J'ai toujours apprécié de lire des feuilletons, ou de retrouver un héros dans une série de bandes dessinées. De nos jours, les séries créées pour la télévision ou internet peuvent être de grande qualité. En fait, j'ai l'impression que les séries sont partout et qu'elles touchent tous les publics. En tout cas, faire évoluer les personnages sur plusieurs volumes m'apporte un vrai plaisir. Il faut les façonner davantage, les approfondir ou se laisser emporter par eux, les renouveler... C'est un jeu riche et toujours différent. Alors oui, je recommencerai, c'est certain.
Respecter la liberté du lecteur est fondamental.
Des sujets de société sont abordés subtilement au fil des aventures de Nils & Zéna.
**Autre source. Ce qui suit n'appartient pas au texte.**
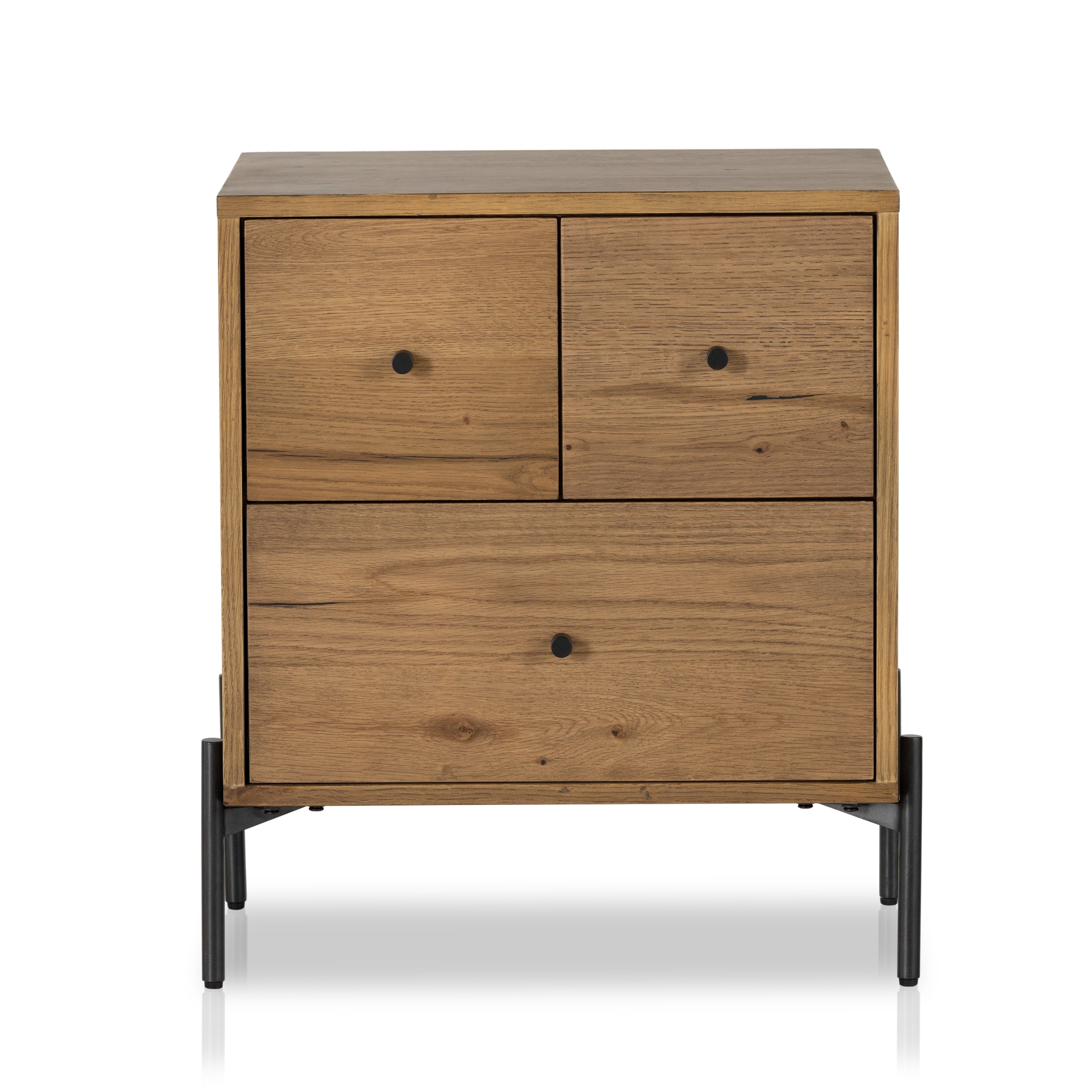 The Eaton Amber Oak Resin Nightstand boasts a classic, timeless style with its intricate details and warm oak finish. Crafted from durable resin, it's the perfect accent piece for your home. Amethyst Home provides interior design, new construction, custom furniture, and area rugs in the Tampa metro area.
Dans le premier, la contrebande ; dans le deuxième les péjugés et les SDF. Avez-vous une volonté de faire passer des messages à travers vos histoires et personnages ?
Je n'ai pas la volonté de faire passer des messages. J'attache de l'importance par contre à l'écriture des émotions et du corps.
Le fait d'écrire des fictions se déroulant dans le monde réel n'a pas un but pédagogique mais plutôt de partage. Ainsi, le fonctionnement de la société, le rapport entre l'individu et le groupe, la responsabilité de chaque être humain et la conscience des différences mais aussi les rencontres, le fait de devoir s'en aller pour se construire, de lutter pour devenir ce que l'on veut être, de rester en mouvement, d'aimer, de douter : tous ces éléments se réunissent et forment un fleuve puissant et vivant qui draine mes textes.
J'écris et compose mes personnages avec ce que je suis, ce que je pense et ressens dans ce monde du XXIe siècle que j'ai en partage avec mes contemporains. Or, je ne peux m'empêcher, depuis toujours, d'analyser notre société, de la critiquer, de m'engager si cela est nécessaire. Lors des rencontres avec les lecteurs, je mesure combien nous sommes nombreux à nous impliquer. Les plus jeunes sont curieux de découvrir, les ados se cherchent ou se forgent des convictions... de passionnants débats s'engagent alors.
Surtout, je considère la lecture comme un temps à soi. Un pur moment de plaisir. Chacun est libre de ressentir les émotions des personnages, de s'interroger sur leurs choix ou leurs actions, de se les approprier ou non. Mes fins restent ouvertes pour que celle ou celui qui le souhaite puisse continuer à imaginer...
Respecter la liberté du lecteur, pour moi, est fondamental. L'écriture tout comme le choix d'une langue riche représentent un enjeu certain, il me vient certainement de mon goût pour la poésie mais aussi de la confiance que j'ai dans les lecteurs !
Et pour terminer, quelques conseils de lecture ! Pouvez-vous nous livrer deux à trois lectures qui vous ont marquée récemment et que vous nous conseilleriez ?
Une BD jeunesse :
Totem, de Nicolas Wouters et Mikael Ross aux éditions Sarbacane.
Un roman que je viens de relire :
Les années de Annie Ernaux chez Gallimard.
En musique : le morceau Treaty, du dernier album de Leonard Cohen, You Want It Darker, et le dernier album de PJ Harvey : The Hope Six Demolition Project.
L'univers d'une cinéaste : Jane Campion.